Special Snapshots

One problem associated with managing a healthy 24 × 7 database server is that so many maintenance activities can block access to the data. And the interference cuts both ways: Ongoing database modifications can prevent you from concurrently running system health reports, such as database consistency checks and fragmentation reports.

Related: What's a Snapshot?

SQL Server 2005's new database snapshots feature lets you create a point-in-time, read-only copy of a database. You can even create multiple snapshots of the same database at different points in time. The snapshot typically requires much less space than the original database because the snapshot stores only pages that have changed in the source database. When you read from a snapshot, pages that haven't changed since the snapshot was created are read from the source database.

You can run queries on a snapshot to your heart's content without causing problems for database users. The benefits of snapshots are clear, so let's move on and look at how they work.

Creating a Snapshot

To create a database snapshot, you simply use the CREATE DATABASE command with the AS SNAPSHOT OF option. Because no graphical equivalent to this command is available through SQL Server Management Studio Object Explorer, you must use T-SQL syntax.

In the CREATE DATABASE command, you need to include each data file in the source database, specifying the original logical name and a new physical name. You can't specify other file properties, and you can't use a log file. Listing 1 shows the syntax for creating a snapshot of the AdventureWorks database and putting the snapshot file in SQL Server 2005's default data directory.

One use for a snapshot is running DBCC SHOWCONTIG—or, in SQL Server 2005, selecting from the sys.dm_db_index_physical_stats Dynamic Management Function. (Although you might get slightly different fragmentation information from a snapshot than you'd get from the original database, the difference shouldn't be significant and the ability to run the report should make the tradeoff well worth it.) The locking behavior of SQL Server 2005 tables is much improved over SQL Server 2000, but conflicts can still occur. If you try to run a fragmentation report while an application updates a table and holds onto exclusive locks, you'll be blocked until the transaction is committed.

Snapshots help you avoid such problems. To show how, let's update a table in AdventureWorks without committing the changes, then try to run a fragmentation report in AdventureWorks and in AdventureWorks_snapshot.

First, run the command shown in Listing 1 to create a snapshot of AdventureWorks. Then run the code in Listing 2 to update the Sales.SalesOrderHeader table without committing the transaction. In another connection, use the code in Listing 3 to try to run a fragmentation report on Sales.SalesOrderHeader. The report will be blocked until you return to the connection in which you're running the UPDATE transaction and either commit the transaction or roll it back.

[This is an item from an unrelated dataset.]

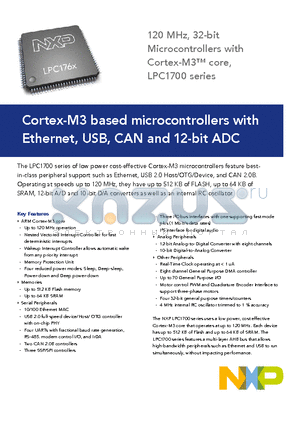 LPC1758 datasheet - Cortex-M3 based microcontrollers with Ethernet, USB, CAN and 12-bit ADC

Now run the code in Listing 2 again, then run the fragmentation report in the snapshot database, as Listing 4 shows.You get the same output as when you first ran the report, but the report isn't blocked and the SELECT from the sys.dm_db_index_physical_stats function proceeds immediately.

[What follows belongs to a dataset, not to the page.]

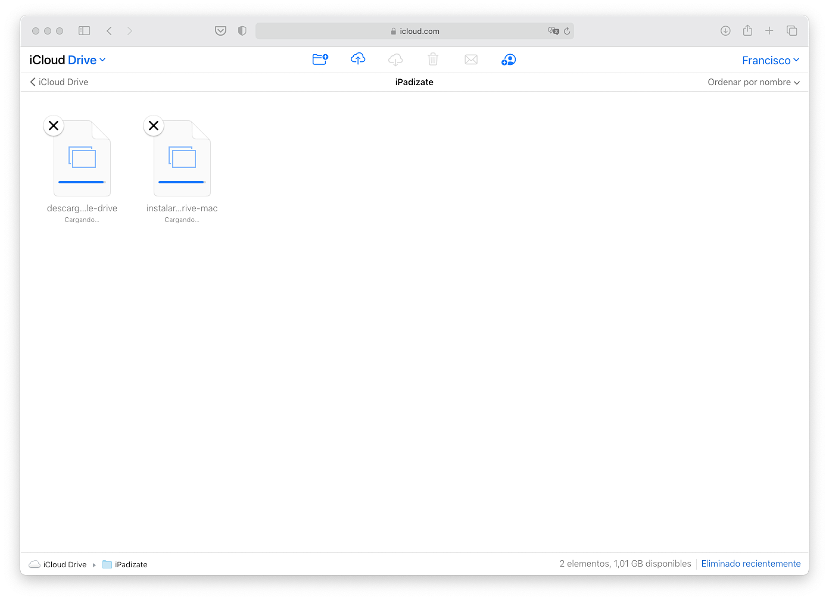Cargar archivos en iCloud Drive desde el navegador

You'll notice that even though the AdventureWorks database is several hundred megabytes or more in size, creating the snapshot is extremely fast. In fact, you might be able to create a new snapshot every time you need to run a fragmentation report and drop the snapshot as soon as you're finished with it.

You can determine the number of bytes that each of the snapshot's sparse files uses on disk by looking at the fn_virtualfilestats system table-valued function, which returns the current number of bytes in a file in the BytesOnDisk column. Alternatively, you can look in the new sys.dm_io_virtual_file_stats Dynamic Management Function. This function takes database_id and file_id as parameters.The database ID of the snapshot database and the file ID of each sparse file are displayed in the sys.master_files catalog view.

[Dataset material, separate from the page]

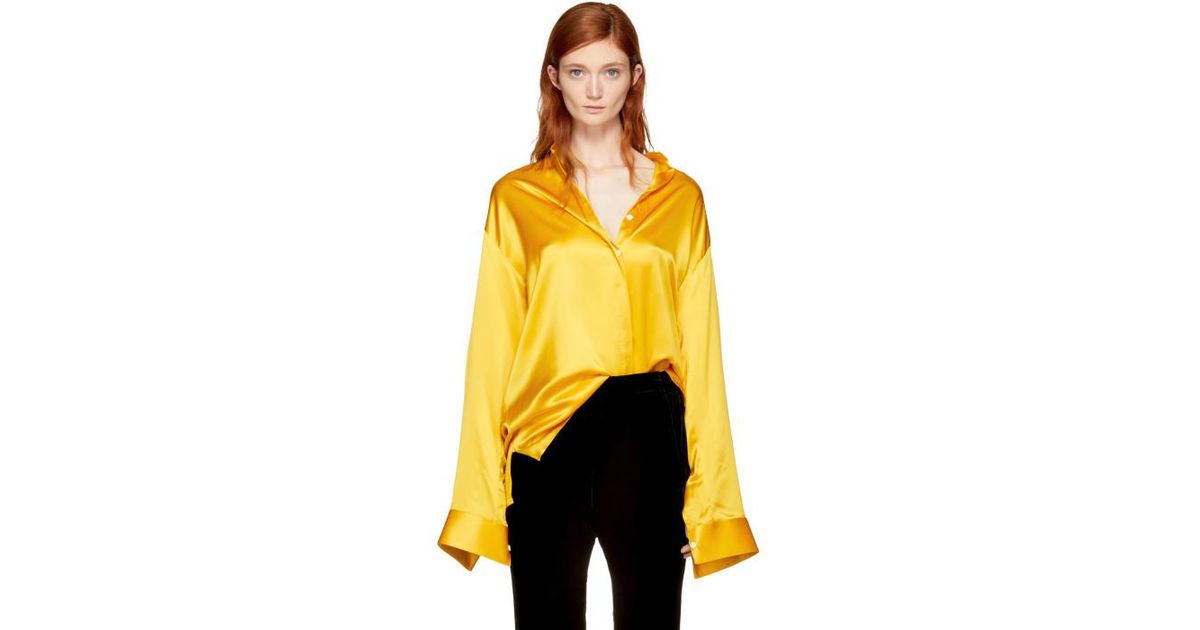 yellow silk shirt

You can also view sparse file sizes through Windows Explorer. Right-click the filename and select Properties. The Size value in the Properties window shows the maximum size, and the Size on disk value is the same value that you see using the fn_virtualfilestats or sys.dm_io_virtual_file_stats function. The maximum size should be about the same size as the source database was when the snapshot was created; the Size column in the sysfiles view also shows the size. The code in Listing 5 uses sys.dm_io_virtual_file_stats and sys.database_files to show the current and maximum size of the sparse file for AdventureWorks_snapshot.

Hidden Snapshots

In SQL Server 2000, transactions that hold locks can also block DBCC validation commands (e.g., CHECKTABLE, CHECKDB, CHECKALLOC). SQL Server 2000 DBCC commands can't finish running until the locks are released.

In SQL Server 2005, however, all the DBCC validation commands use database snapshot technology to prevent the validation operation from interfering with ongoing database operations. The snapshot technology also lets the validation operation see the data as it was when the DBCC command was initiated, no matter how many changes are made to the data while the operation is under way. The SQL Server Database Engine creates a snapshot of the database when you initiate the CHECK command, and no locks are acquired on the objects being checked. The actual CHECK operation runs against the snapshot.

Unlike typical database snapshots, the "snapshot file" that contains the original page images isn't visible in the file system and its location is unconfigurable—it always uses space on the same volume as the database being checked. You can use internal database snapshots with DBCC validation commands only if your data directory is on an NTFS partition. If you don't use NTFS or don't want to use the space that the snapshot requires, you can prevent snapshot creation by using the WITH TABLOCK option in the DBCC command. In addition, when you use one of the REPAIR options to DBCC, no snapshot is created.

If you don't use the TABLOCK option, the DBCC validation commands don't interfere with other work taking place in a database and so are considered online operations. With TABLOCK, however, a Shared Table lock is acquired for each table as it's processed and blocks concurrent modification operations. Similarly, if modification operations are in progress on one or more tables, a DBCC validation command that uses the TABLOCK option is blocked until the modification transaction is completed.

Because snapshots are usually created very quickly and need minimal disk space, you might be able to create a new snapshot every time you run certain reports. However, there are always exceptions. For example, snapshots of a very heavily updated database might grow quite large. As updates occur on the source database, the original version of the page is written to the snapshot, so lots of updates could not only take lots of space, but could also incur noticeable overhead due to the extra write operation that takes place for every write in the source.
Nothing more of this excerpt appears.